BEGIN Data for this task
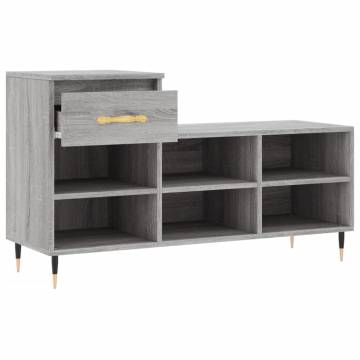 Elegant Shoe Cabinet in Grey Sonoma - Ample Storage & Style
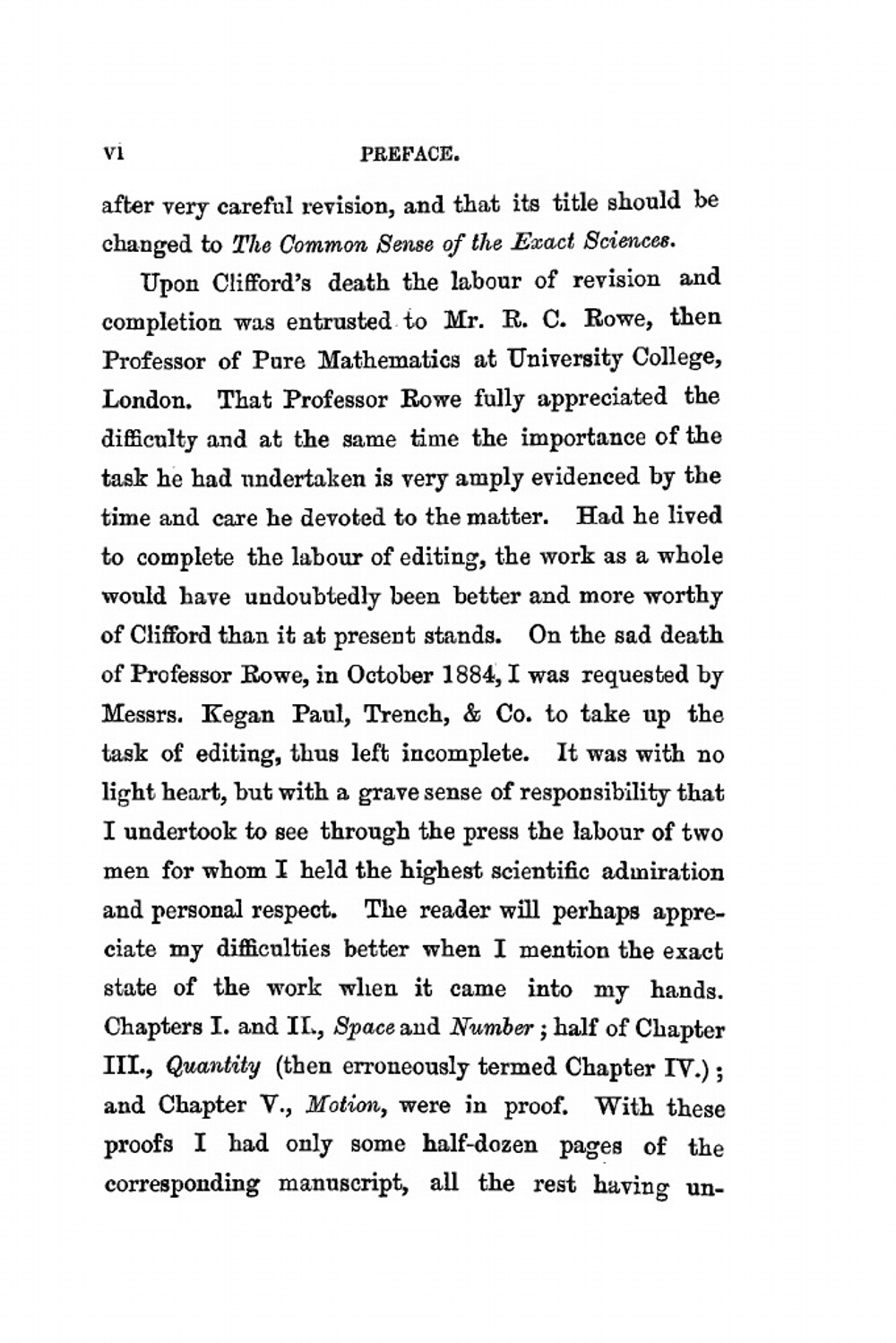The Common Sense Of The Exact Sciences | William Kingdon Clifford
END Data for this task
BEGIN Data for this task
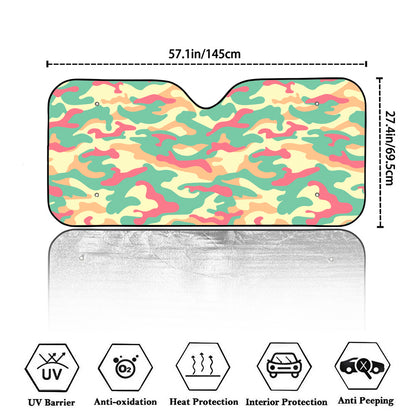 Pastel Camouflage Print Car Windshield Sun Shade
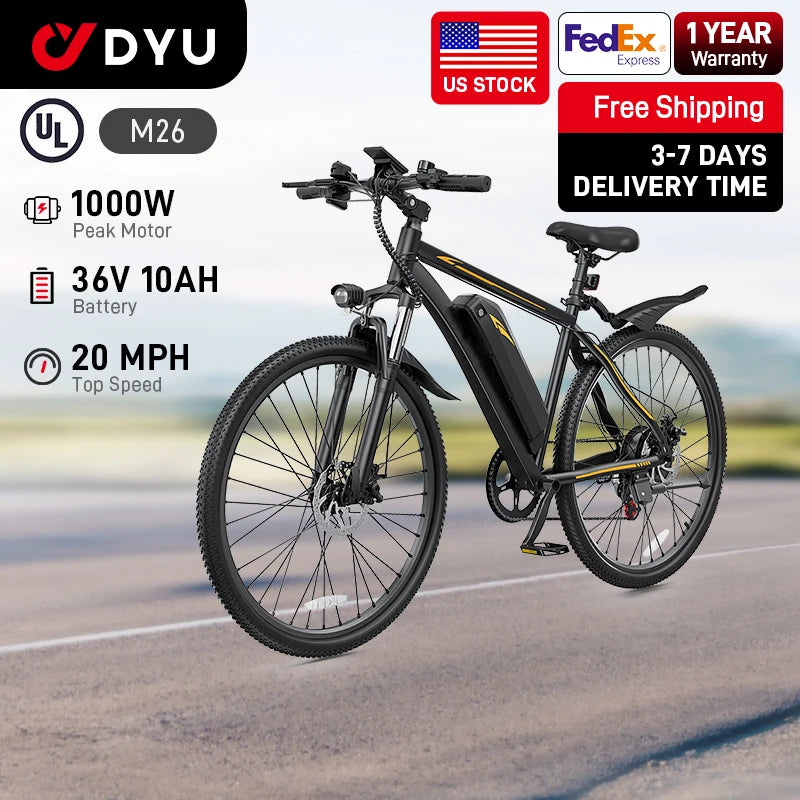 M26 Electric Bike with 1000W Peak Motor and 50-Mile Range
END Data for this task
* [Exercise] The answer should consist only of the lines above from the one with "Elegant Shoe Cabinet" through the one with "The Common Sense", repeated exactly, with no pictures among them.

* [Solution to this exercise]
 Elegant Shoe Cabinet in Grey Sonoma - Ample Storage & Style
The Common Sense Of The Exact Sciences | William Kingdon Clifford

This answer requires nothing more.